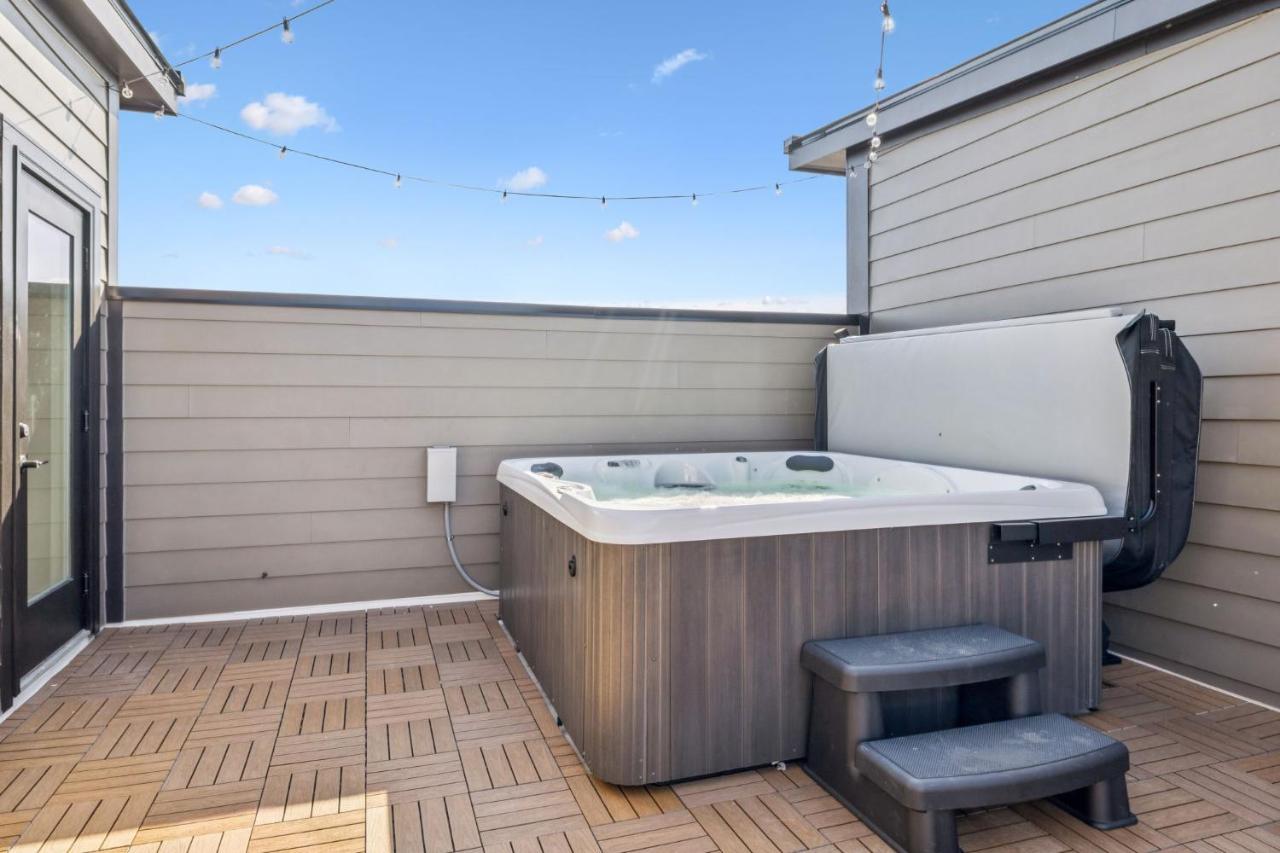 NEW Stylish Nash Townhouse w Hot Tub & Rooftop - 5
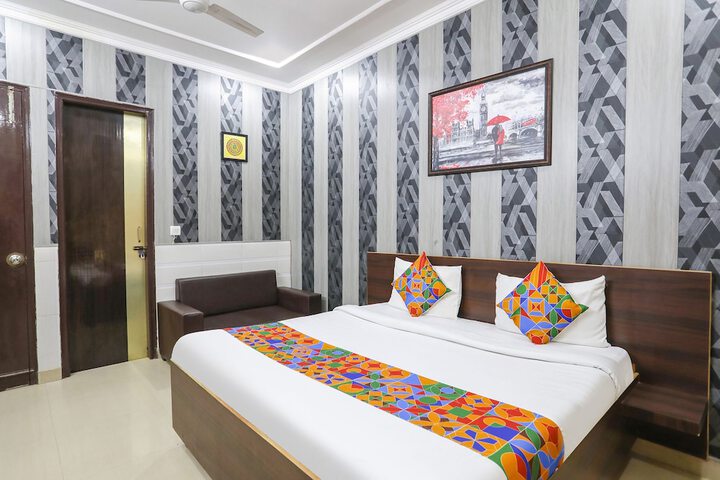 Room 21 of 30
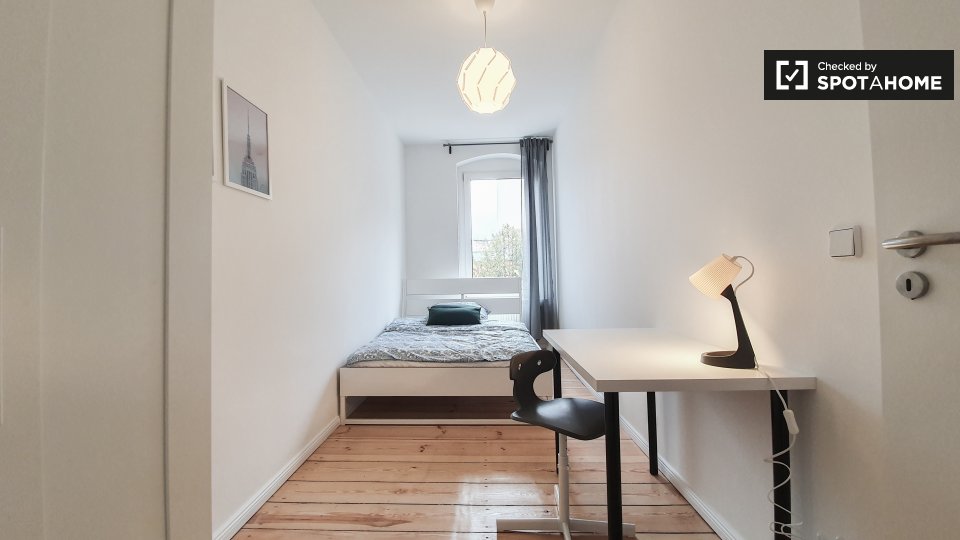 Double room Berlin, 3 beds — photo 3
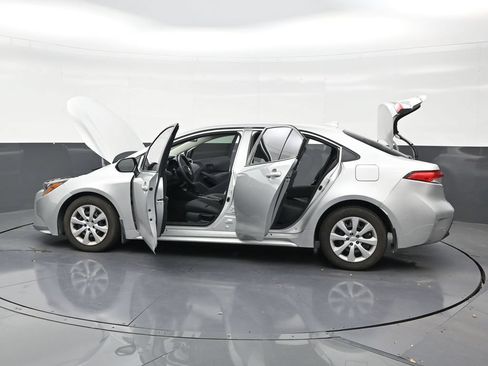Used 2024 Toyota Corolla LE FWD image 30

— Requirement —
Pictures excluded, output exactly the line that contains "Double room Berlin, 3 beds — photo 3" and every line after it to the end of the data above.

— Exercise answer —
 Double room Berlin, 3 beds — photo 3
Used 2024 Toyota Corolla LE FWD image 30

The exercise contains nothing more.